A working paper released Tuesday by the Federal Reserve Bank of Dallas evaluated how varying durations and severities of a closure of the Strait of Hormuz could affect U.S. inflation and oil prices. The paper models a range of outcomes tied to the strategic waterway, which carries about 20% of global oil trade and has been effectively closed for five weeks.
In the analysis, a relatively limited disruption - described as a one-quarter closure - would produce a large, immediate spike in inflation: a 5.2 percentage point increase in the March reading on an annualized basis. That effect, the researchers find, attenuates quickly, leaving a smaller but still positive impact on fourth-quarter inflation of roughly 0.35 percentage points.

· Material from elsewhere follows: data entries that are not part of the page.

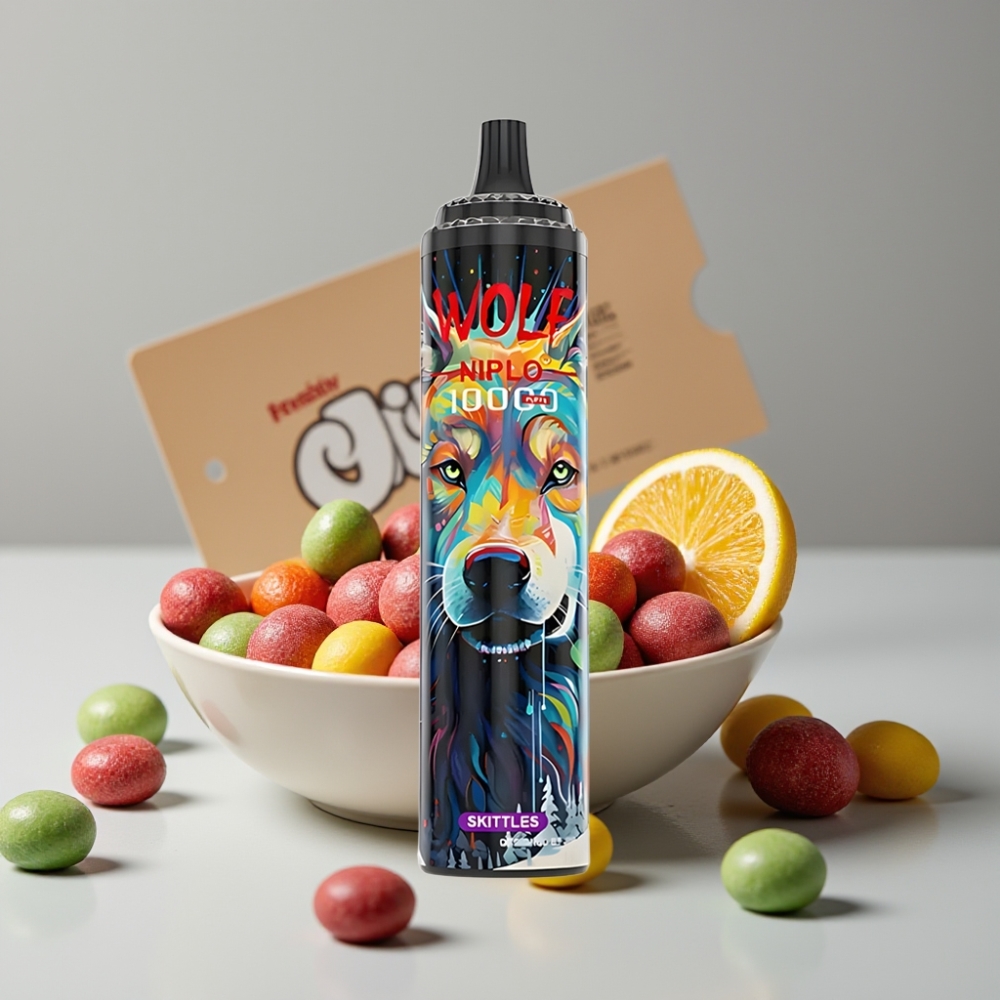 JNR Wolf Niplo 10000 Puffs Disposable Vape Skittles 20ml 5% Nicotina Tipo-C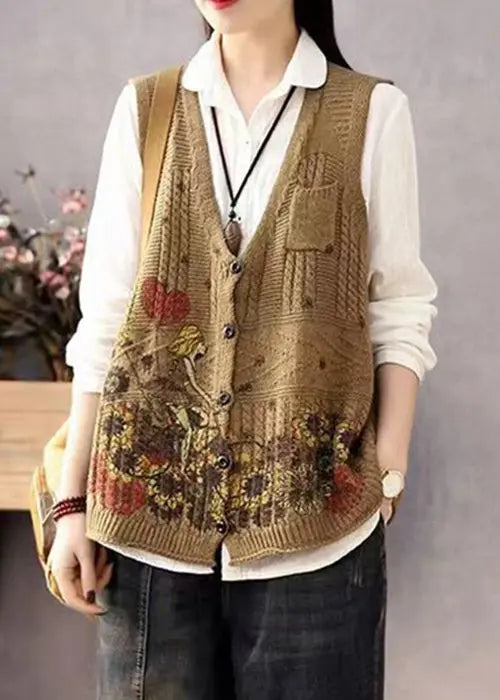 Women Brown V Neck Print Button Cotton Knit Waistcoat Sleeveless Ada Fashion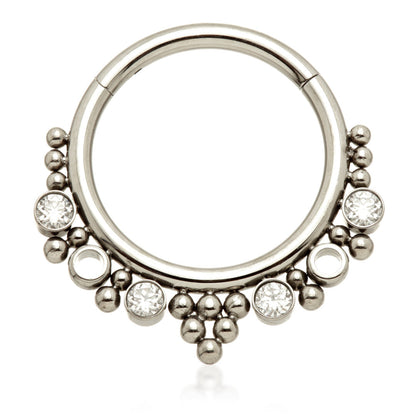 Ti Couture Front Facing Jewelled Bead Cluster Hinged Ring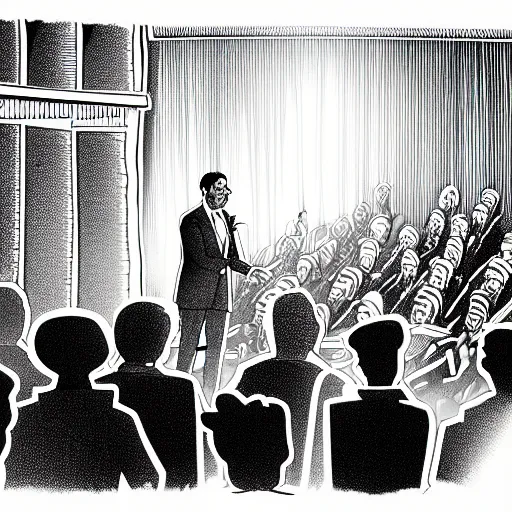 Prompt: an illustration from the backstage of a politician giving a speach to a crowd in a theather, theres are strings attached to the politician being controled by a creature in the shadows like a big goblin laughing mischievously, people don't seem to notice an cherish the spaeker, wide lens, volumetric lighting,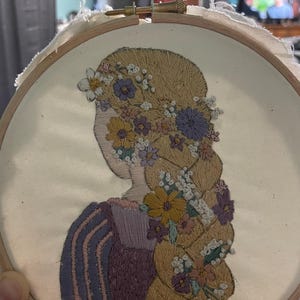 花柄編みラプンツェル刺繍パターン || 刺繍枠アート PDF パターンと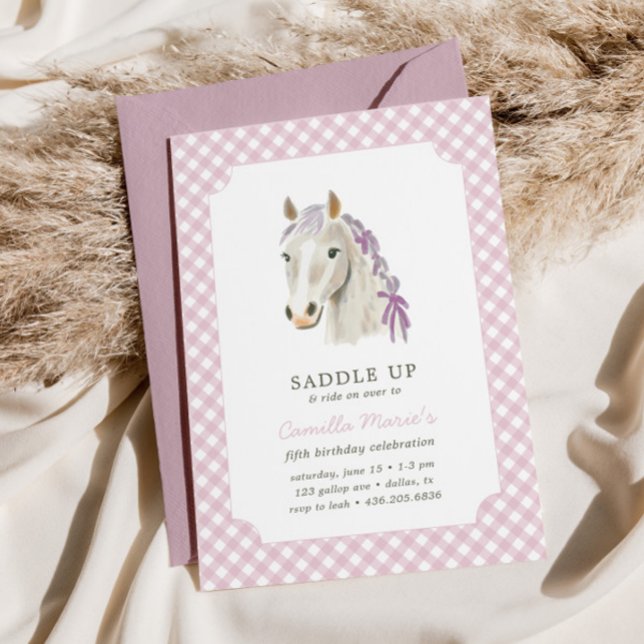 Girls Saddle Up Preppy Pony Horse Pink Birthday  Invitation (Creator Uploaded)
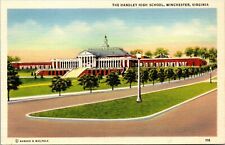 Vtg Winchester Virginia VA Handley High School 1930s Unused Linen Postcard picture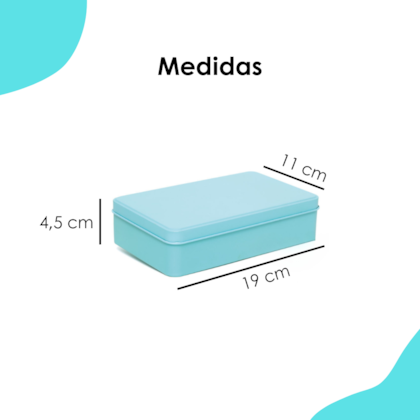 Lata Retangular Grande Tiffany 19x11x4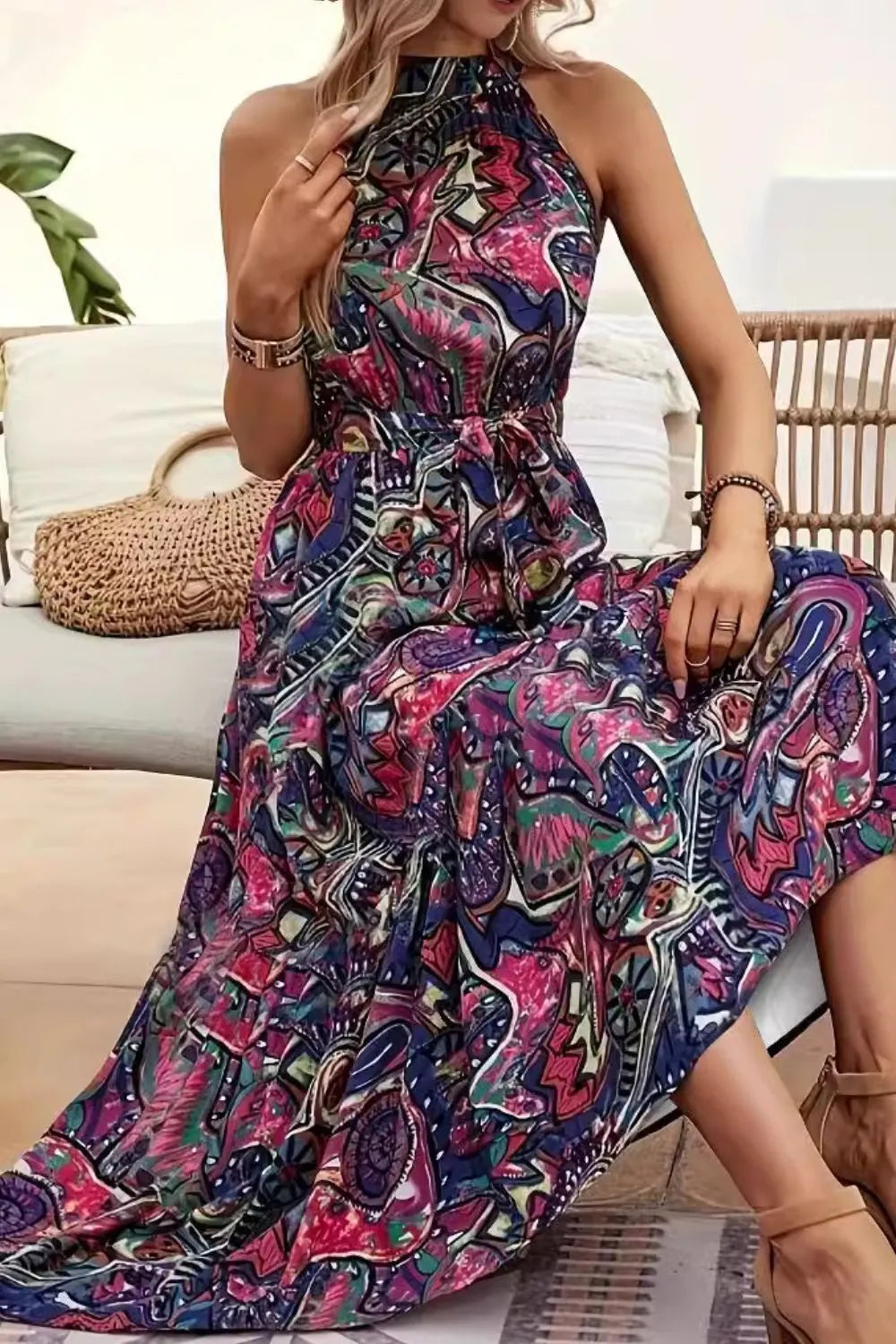 Tied Floral Sleeveless Dress Violet / S Maxi Dresses The Nichole Collection - Official Site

Under a more severe scenario - a three-quarter closure - the paper projects a much larger transmission to oil markets and consumer prices. In that case, oil prices would rise from the current $115 per barrel to $167 per barrel, and fourth-quarter inflation could be higher by as much as 1.8 percentage points relative to the baseline.
The study notes the baseline level of year-over-year inflation measured by the personal consumption expenditures price index was 2.8% in January, above the Federal Reserve's 2% target. Core inflation, which excludes food and energy, was 3.1% in January. The Dallas Fed's scenarios imply core inflation would also move higher: by about 0.18 percentage points under the one-quarter closure and by around 0.49 percentage points in the three-quarter closure scenario.
Regarding inflation expectations, the researchers report limited long-run shifts. One-year ahead expectations could increase by up to 0.8 percentage points in the most disruptive scenario, while five- to 10-year expectations would rise by at most 0.09 percentage points. As the authors put it, "There is little evidence of higher gasoline prices being passed through to core inflation or long-run inflation expectations becoming unanchored."
The paper's findings are presented against a backdrop of heightened geopolitical tension. The researchers note that the Middle East conflict appeared close to escalation after President Donald Trump called on Iran to open the Strait of Hormuz or face destruction of its power plants and bridges.
The Dallas Fed analysis highlights how both short-lived and more prolonged interruptions to oil flows through the Strait of Hormuz could feed into headline and core price measures, with the scale and persistence of the disruption determining the size of the impact.
Methodological note - The research assesses scenario-based impacts on inflation and expectations using the data points and relationships specified in the working paper.